Input material:
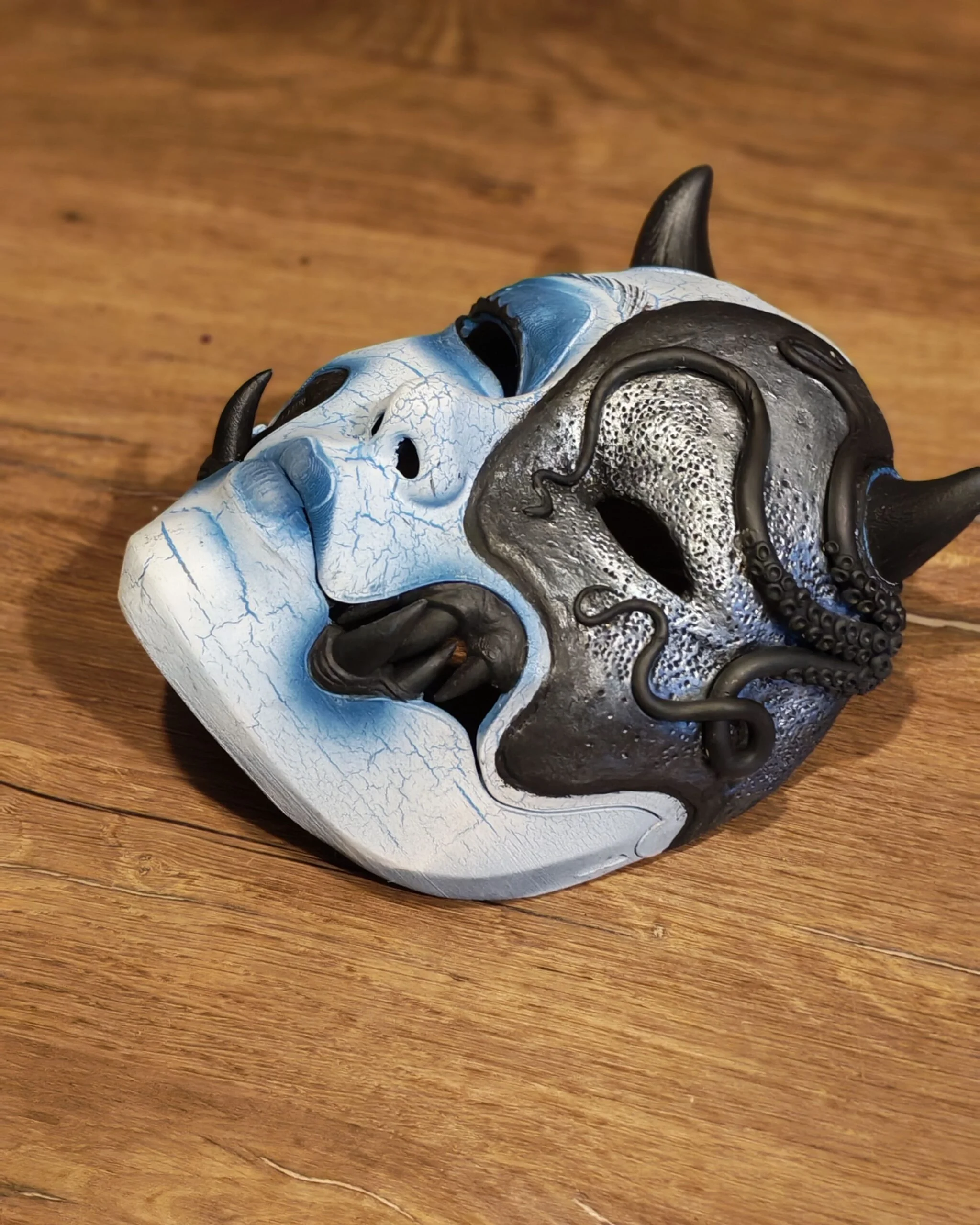Masque Kuchisake x Adopte ton Poulpe bleu, vue principale du masque articulé posé à plat.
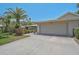 Attractive home exterior showcasing a neutral color palette, lush landscaping, and a spacious driveway at 3890 Wilshire Cir # 27, Sarasota, FL 34238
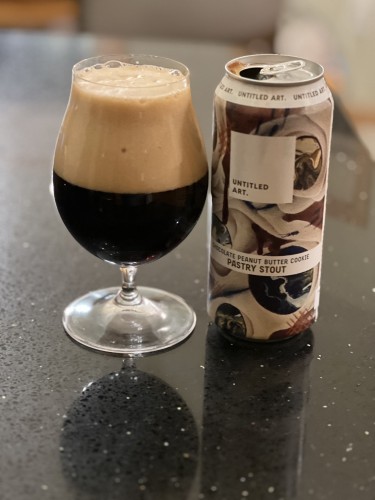 An artfully decorated pint beer can from UntitledArt brewery. A hard pour has left a tulip glass half full of beer and half full of foamy rich tan head. 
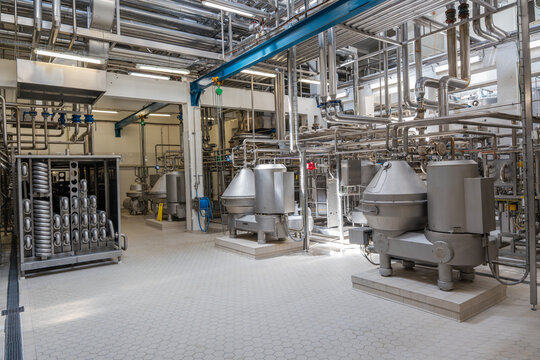 Modern industrial factory interior with stainless steel pipes and processing machinery. Clean automated production line in food, dairy, or chemical plant engineering industry.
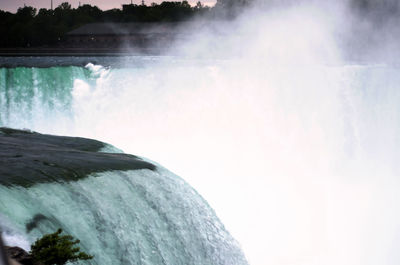 Scenic view of waterfall against sky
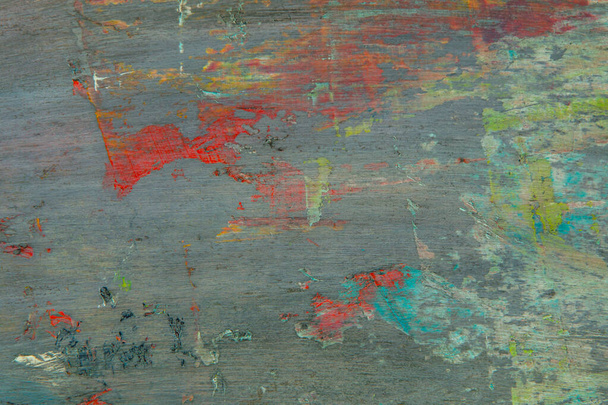 красочный творческий пестрый фон: размытые остатки масляных красок на деревянной палитре, короткая фокусировка, выборочное размытие - Фото, изображение
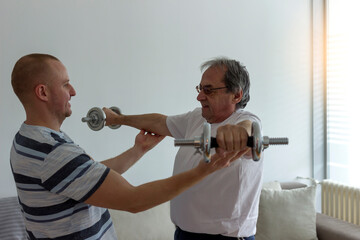 Shot of a friendly physiotherapist helping senior patient work out with weights at home. Senior man working out. Physiotherapist helping his mature patient to use dumbbells in a rehabilitation center.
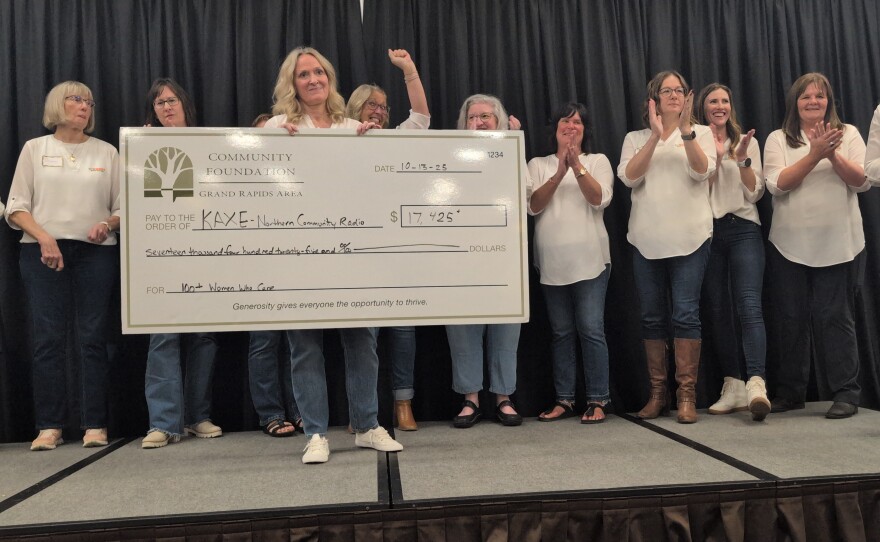 KAXE is revealed as the nonprofit that received the most votes at the 100+ Women Who Care Itasca Area event on Oct. 13, 2025, at Timberlake Lodge in Grand Rapids.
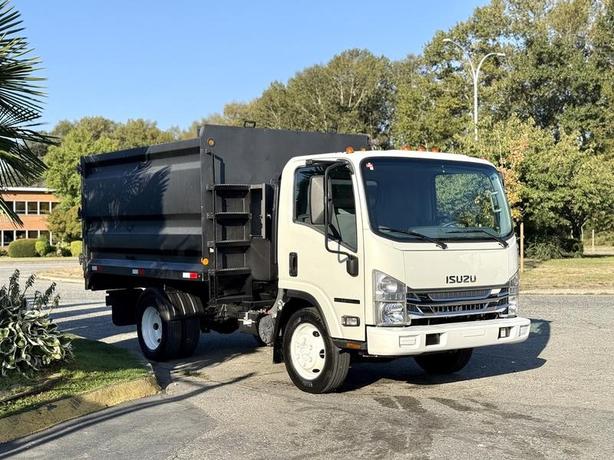 2017 Isuzu NPR HD 10-Foot Dump Truck with Storage Compartments image 1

Assignment:
Once the pictures are removed, print all the remaining data exactly as it stands.

Answer area:
Masque Kuchisake x Adopte ton Poulpe bleu, vue principale du masque articulé posé à plat.
 Attractive home exterior showcasing a neutral color palette, lush landscaping, and a spacious driveway at 3890 Wilshire Cir # 27, Sarasota, FL 34238
 An artfully decorated pint beer can from UntitledArt brewery. A hard pour has left a tulip glass half full of beer and half full of foamy rich tan head. 
 Modern industrial factory interior with stainless steel pipes and processing machinery. Clean automated production line in food, dairy, or chemical plant engineering industry.
 Scenic view of waterfall against sky
 красочный творческий пестрый фон: размытые остатки масляных красок на деревянной палитре, короткая фокусировка, выборочное размытие - Фото, изображение
 Shot of a friendly physiotherapist helping senior patient work out with weights at home. Senior man working out. Physiotherapist helping his mature patient to use dumbbells in a rehabilitation center.
 KAXE is revealed as the nonprofit that received the most votes at the 100+ Women Who Care Itasca Area event on Oct. 13, 2025, at Timberlake Lodge in Grand Rapids.
 2017 Isuzu NPR HD 10-Foot Dump Truck with Storage Compartments image 1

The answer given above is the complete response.